Folk culture also explains the past-present continuum of folk traditions as seen in literature, inscriptions, artwork, and other items of material culture. Often, our analysis of pastoral and peasant societies gives us an understanding of environmental orientations and a physical reference within a given society or ethnic group.
One of the most important aspects of folk culture is folklore, and its place in the understanding of folk culture is essential to the overall concepts therein.
Folklore is the traditional art, literature, knowledge, and practice that are circulated largely through oral communication and behavioral archetypes. Most societies with a sense of themselves have possession of a shared identity, and a central part of that identity has to do with folk traditions, the things that people traditionally believe (planting practices, family traditions), do (dance, make music, sew clothing), know (how to build an irrigation dam, how to nurse an ailment, how to prepare barbecue), make (architecture, art, craft), and say (personal experience stories, riddles, song lyrics).

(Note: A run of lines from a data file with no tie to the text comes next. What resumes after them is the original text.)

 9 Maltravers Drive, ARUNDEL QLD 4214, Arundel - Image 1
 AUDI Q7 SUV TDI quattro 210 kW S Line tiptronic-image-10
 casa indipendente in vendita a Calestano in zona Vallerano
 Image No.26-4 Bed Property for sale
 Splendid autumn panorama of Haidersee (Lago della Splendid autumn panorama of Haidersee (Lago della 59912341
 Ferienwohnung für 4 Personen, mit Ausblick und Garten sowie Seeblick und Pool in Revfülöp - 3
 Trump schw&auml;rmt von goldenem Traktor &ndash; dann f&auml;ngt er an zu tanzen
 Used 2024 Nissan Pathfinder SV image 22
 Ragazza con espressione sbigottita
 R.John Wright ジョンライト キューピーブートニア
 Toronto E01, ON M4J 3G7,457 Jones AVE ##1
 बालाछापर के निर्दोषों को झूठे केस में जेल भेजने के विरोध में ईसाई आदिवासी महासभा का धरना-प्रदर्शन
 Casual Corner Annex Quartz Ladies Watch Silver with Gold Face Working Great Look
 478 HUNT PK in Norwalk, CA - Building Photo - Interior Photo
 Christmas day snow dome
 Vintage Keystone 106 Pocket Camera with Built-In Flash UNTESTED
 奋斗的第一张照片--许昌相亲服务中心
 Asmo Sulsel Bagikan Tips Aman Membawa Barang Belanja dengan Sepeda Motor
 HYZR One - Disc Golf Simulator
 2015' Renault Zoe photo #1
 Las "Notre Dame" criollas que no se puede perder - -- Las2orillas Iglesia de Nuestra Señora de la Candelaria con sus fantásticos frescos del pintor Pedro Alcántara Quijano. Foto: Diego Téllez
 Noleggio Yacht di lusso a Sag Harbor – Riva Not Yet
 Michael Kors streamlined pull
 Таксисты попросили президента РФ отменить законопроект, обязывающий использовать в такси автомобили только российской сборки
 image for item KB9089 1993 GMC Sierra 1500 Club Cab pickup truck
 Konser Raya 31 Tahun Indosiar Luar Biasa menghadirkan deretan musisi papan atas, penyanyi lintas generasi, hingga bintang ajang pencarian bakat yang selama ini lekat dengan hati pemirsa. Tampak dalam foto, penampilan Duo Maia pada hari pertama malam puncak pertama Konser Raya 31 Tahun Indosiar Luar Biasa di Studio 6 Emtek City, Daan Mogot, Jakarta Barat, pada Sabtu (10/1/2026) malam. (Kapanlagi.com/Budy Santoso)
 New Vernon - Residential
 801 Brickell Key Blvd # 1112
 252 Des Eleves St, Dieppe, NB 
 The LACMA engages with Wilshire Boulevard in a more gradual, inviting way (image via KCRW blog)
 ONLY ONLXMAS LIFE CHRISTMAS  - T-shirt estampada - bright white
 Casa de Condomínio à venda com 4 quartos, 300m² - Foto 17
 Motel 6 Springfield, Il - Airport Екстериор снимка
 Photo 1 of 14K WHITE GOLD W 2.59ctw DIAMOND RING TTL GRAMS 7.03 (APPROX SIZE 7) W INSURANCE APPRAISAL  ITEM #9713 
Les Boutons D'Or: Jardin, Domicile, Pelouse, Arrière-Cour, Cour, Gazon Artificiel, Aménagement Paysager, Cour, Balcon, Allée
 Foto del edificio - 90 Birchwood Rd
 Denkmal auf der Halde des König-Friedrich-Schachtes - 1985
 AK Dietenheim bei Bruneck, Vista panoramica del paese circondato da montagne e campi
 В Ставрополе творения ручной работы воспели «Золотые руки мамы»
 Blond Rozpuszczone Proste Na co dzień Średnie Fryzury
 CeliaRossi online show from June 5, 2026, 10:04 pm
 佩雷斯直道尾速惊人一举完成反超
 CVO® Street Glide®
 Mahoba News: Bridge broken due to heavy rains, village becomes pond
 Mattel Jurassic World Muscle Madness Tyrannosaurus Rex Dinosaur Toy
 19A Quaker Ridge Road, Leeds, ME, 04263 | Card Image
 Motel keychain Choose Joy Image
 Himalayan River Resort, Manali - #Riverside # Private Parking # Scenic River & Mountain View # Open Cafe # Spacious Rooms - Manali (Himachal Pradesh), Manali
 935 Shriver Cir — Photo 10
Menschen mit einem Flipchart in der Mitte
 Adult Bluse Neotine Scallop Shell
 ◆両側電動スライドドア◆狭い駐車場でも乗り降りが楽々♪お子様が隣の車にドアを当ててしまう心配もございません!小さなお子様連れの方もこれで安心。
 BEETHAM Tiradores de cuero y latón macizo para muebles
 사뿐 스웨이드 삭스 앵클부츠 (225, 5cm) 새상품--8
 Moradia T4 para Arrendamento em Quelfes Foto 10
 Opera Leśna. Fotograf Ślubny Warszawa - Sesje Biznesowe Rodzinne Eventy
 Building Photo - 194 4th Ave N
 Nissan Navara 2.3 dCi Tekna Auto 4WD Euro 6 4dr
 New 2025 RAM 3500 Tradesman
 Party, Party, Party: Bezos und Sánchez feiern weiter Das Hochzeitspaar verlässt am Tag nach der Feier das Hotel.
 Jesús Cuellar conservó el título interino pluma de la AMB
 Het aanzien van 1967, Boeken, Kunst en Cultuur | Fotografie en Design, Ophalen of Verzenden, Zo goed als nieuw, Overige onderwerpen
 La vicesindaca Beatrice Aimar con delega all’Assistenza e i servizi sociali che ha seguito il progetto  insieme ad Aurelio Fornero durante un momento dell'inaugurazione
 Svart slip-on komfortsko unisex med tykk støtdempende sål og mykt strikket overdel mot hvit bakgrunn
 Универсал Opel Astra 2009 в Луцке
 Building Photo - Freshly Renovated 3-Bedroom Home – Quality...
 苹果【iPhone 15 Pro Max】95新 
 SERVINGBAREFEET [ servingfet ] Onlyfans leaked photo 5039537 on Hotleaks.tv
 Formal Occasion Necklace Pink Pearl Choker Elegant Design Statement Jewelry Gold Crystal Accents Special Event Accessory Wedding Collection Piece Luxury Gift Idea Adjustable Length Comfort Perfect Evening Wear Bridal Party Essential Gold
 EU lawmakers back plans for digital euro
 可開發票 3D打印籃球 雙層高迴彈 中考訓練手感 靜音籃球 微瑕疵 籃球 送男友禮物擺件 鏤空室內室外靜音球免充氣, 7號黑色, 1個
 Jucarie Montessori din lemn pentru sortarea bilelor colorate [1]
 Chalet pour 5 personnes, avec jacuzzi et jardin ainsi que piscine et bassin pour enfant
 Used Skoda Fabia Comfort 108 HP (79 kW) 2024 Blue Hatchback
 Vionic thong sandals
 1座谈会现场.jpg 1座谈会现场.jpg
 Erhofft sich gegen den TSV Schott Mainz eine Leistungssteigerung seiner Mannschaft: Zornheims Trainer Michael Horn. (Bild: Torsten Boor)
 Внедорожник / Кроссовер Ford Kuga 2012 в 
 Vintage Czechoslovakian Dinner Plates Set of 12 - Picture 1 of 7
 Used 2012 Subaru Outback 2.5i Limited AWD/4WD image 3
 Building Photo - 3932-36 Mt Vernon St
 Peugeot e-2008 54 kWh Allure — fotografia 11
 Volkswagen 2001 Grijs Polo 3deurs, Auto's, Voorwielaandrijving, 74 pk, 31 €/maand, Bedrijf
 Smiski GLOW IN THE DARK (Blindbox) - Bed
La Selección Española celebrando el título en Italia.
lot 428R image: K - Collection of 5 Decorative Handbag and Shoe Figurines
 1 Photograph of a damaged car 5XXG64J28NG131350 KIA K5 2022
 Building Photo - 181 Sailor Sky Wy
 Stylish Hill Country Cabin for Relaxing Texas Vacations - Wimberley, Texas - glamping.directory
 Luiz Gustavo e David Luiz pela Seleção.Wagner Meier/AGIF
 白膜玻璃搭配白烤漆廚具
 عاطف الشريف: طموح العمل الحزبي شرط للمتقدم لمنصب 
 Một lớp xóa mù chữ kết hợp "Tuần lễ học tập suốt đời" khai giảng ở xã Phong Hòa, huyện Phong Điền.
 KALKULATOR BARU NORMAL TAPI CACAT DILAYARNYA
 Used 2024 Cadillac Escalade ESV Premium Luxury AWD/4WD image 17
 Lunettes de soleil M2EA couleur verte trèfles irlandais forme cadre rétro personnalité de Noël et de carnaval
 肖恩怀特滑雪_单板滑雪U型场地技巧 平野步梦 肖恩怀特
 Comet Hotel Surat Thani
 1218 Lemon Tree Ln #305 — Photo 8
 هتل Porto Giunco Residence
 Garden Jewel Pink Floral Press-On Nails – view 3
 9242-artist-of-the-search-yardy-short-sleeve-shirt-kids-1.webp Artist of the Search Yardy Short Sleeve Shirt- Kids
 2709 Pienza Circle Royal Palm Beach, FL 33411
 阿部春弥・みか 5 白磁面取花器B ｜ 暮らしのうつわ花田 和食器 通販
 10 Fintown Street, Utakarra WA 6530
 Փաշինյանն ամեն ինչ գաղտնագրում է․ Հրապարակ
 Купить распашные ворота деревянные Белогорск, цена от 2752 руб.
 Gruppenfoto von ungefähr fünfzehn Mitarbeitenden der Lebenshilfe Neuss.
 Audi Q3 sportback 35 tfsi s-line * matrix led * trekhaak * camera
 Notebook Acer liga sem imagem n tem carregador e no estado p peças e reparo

Folk culture flows through the realm of behavior, or more precisely, social action in which cultural forms find articulation. Thus, folk culture forms find voice in artifacts and in various states of consciousness, but these forms draw their meaning from the role they play, “its use” in an on going pattern of life, not from any intrinsic relationship they bear to one another. Folk cultural language in this sense is more than mere communications; the nature of the language as a tool or product of folk culture structures the perception of the outside world, emphasizing certain aspects over others. Thus, folk cultural language establishes a form of communications that helps a society articulate the deeper folk and cultural meanings that define that society’s development, and describes a way for members in such a society to deal with their environment. Folk cultural language is made up of the myths and legends, folktales, and folklores that define and structure societal language. Often, these elements of folk culture are interchangeable, and their features frequently overlap, but a society’s folk cultural language and its elements describe actions of divine beings to explain the origins of the natural world in its past.